From the new material which I have written recently, I guess it would be enough to write just one or two posts, and then the series would get over. What then will remain would be mostly polemics, and that part can be taken on the fly whenever the need to do so arises.

I may also think of giving some indications on the concept of time, but, as I said, I find myself too lacking in enthusiasm these days. Being jobless—despite having the kind of resume I have—does have a way of generating a certain amount of boredom in you, a certain degree of disintegration at least to your energy and enthusiasm, even if not to your soul.

So, let’s see. Let the Diwali vacations get over, and I should come back and resume my blogging, telling you what all transpired in my meeting/interaction with the in-charge Dean, and the related matters.

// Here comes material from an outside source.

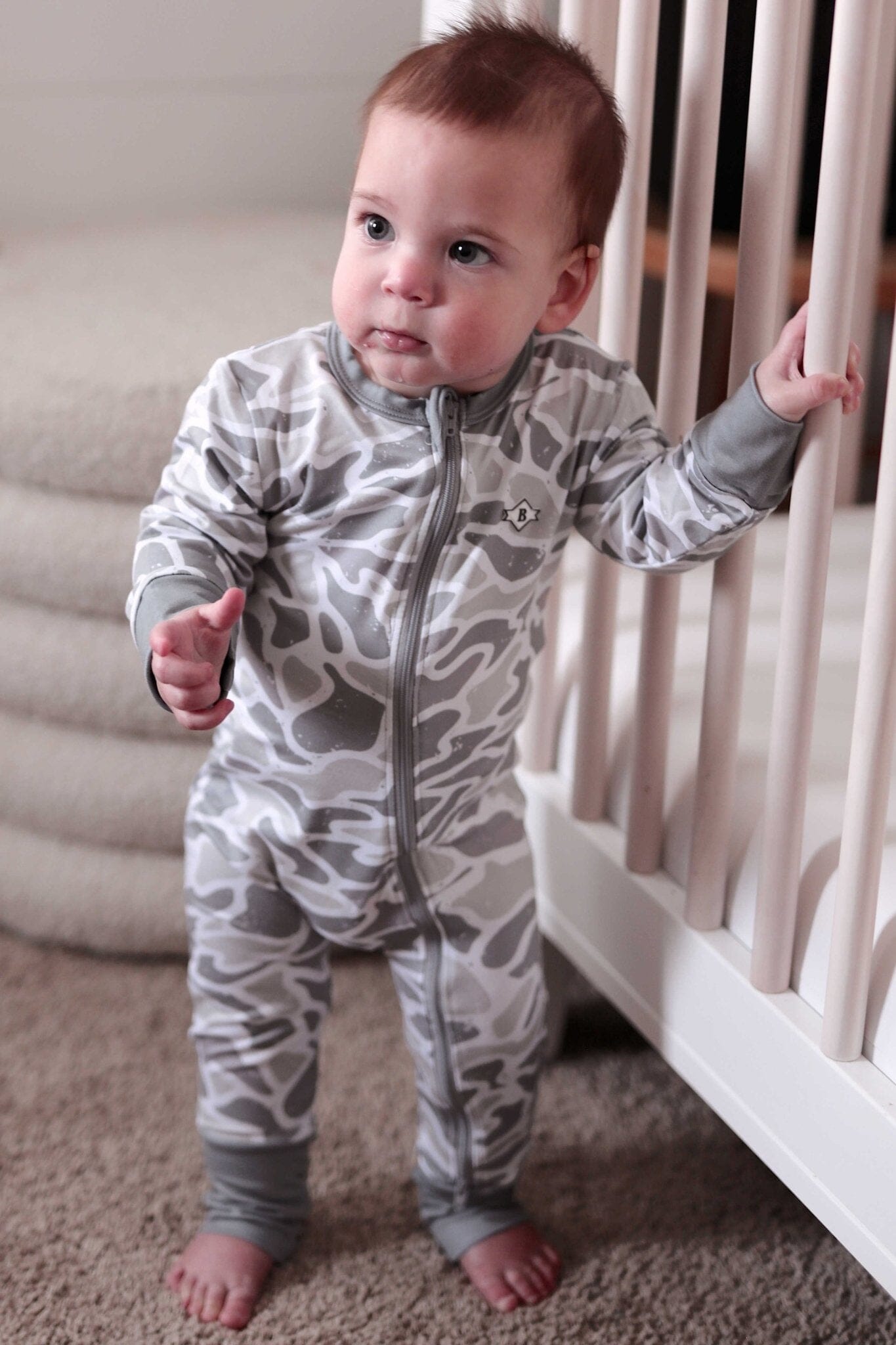 Baby Zip Up in White Camo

Since I am not going to be blogging for some time, let me note a couple of notable things.

One, the US Presidential elections. I am not at all interested in that. So let me leave it aside.

Two, the Tata Sons issue. It does interest me a bit, so let me write down a bit on it.

I was not as surprised as some of the newspaper editorials and columns say they were. The days of JRD are long gone. The Tatas already were a changed company when Cyrus Mistry took over from Ratan Tata.

Once I returned from the USA in 2001, despite my resume, I never got a chance with the new Tatas (either at TRDDC or at TCS). Such a thing would have been unthinkable during JRD’s times. … Even keeping it aside, what all I observed about the Tatas over the past 1.5 decades was enough for me not to be at all surprised by something like the current fiasco.

No, Prof. Pratap Bhanu Mehta, reading things from where I sit, the Tata fiasco doesn’t do any significant harm to the social legitimacy of Capitalism in India. People—common people—have long ago observed and concluded what had to be. If what the common people think were to be caricatured, it would look like the position you ascribe to the “cynics”. But no, IMO, this position isn’t cynical. To carry realistic impressions about hallowed icons is not quite the same as being a cynic.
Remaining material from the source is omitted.